Wednesday, March 28, 2012

The answer is not just 42

It's time to admit that I am not from this world.

Of course, what I mean is that though the body I inhabit was conceived on this planet without the aid of turkey-baster or Petri dish, my mind is no longer all my own.  I first suspected this to be the case in the months leading up to 1st January 2000 when it seemed everyone on Earth was prepared to usher in a New Millennium, contrary to the mathematical fact that it wouldn't be happening for another year.  (It's interesting to note that increasing numbers of people profess that they always knew this to be the case, whereas this wasn't the situation I found myself in at the time.  Top Arsehole Comment: "If you think that, then have your own party next year, pal.")
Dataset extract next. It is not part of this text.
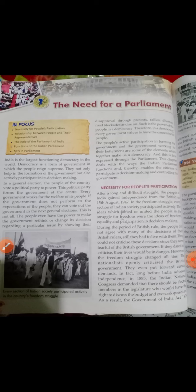The lesson focuses on: the necessity for people's participation, the relationship between people and their representatives, the role of the Parliament of India, the functions of the Indian Parliament, MPs in Parliament, the need for a Parliament, and what the Constitution is and why we have to learn about government.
In the years since it has become obvious that one or two suggestions from an alien observer might not go amiss.  I know that a lot of you employ the fearful survival strategy that anyone recommending that it might be a good idea to be good to one another for a while should expect a shortened lifespan, but since heaven is a state of mind I've been told to take the risk.   
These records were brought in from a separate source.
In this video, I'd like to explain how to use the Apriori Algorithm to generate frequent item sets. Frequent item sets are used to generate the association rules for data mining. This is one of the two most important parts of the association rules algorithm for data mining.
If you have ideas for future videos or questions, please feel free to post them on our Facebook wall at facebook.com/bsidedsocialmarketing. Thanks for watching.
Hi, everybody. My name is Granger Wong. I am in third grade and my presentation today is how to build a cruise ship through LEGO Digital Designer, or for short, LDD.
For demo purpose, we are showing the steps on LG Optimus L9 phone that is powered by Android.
This mob mentality seems to bedevil you humans a lot.  Only last weekend, on a television show you call Britain's Got Talent, I got the impression that most of the audience booed when a contestant said he was German.  Why?  Were they exhibiting a deeply-buried genetic aversion to strangers which probably served their Cro-Magnon ancestors well, or were they just being fucking infantile arseholes?  I have reported the latter to my people as being the fact.    
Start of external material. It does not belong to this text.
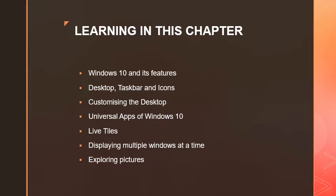Children, in this chapter we have to learn about Windows 10 and its features: desktop, taskbar and icons, customizing the desktop, universal apps of Windows 10, live tiles, displaying multiple windows at a time, and exploring pictures.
So, to counter all the other idiots out there who run with the mob, rather than use their brains, I'd like to formally announce that I am sometimes controlled from the planet Quillimb.  It's a tad bigger than Earth, has far more atolls and warm lagoons than you'd be gracious enough to consider deserved by an alien pointing out the absurdities of human existence via a blog, and lies in an orbit just out beyond the massive inner planet of Zon-Zon (which, incidentally, has already been catalogued via your observatories) providing a transit which rivals your solar eclipse.

Some of you may wish to discount this assertion as little more than the twaddle of an author flexing his SF literary muscles as some form of writing discipline, but I would like to point out that your theoretical physicists have been playing around with the idea of an infinity of universes for some time and that, therefore, there is indeed a universe where Jon George is not wholly from Earth, but is having his thoughts directed by an alien from Quillimb.

It happens to be this one.

More next week. 

Try not to do the stupid things stupid people do.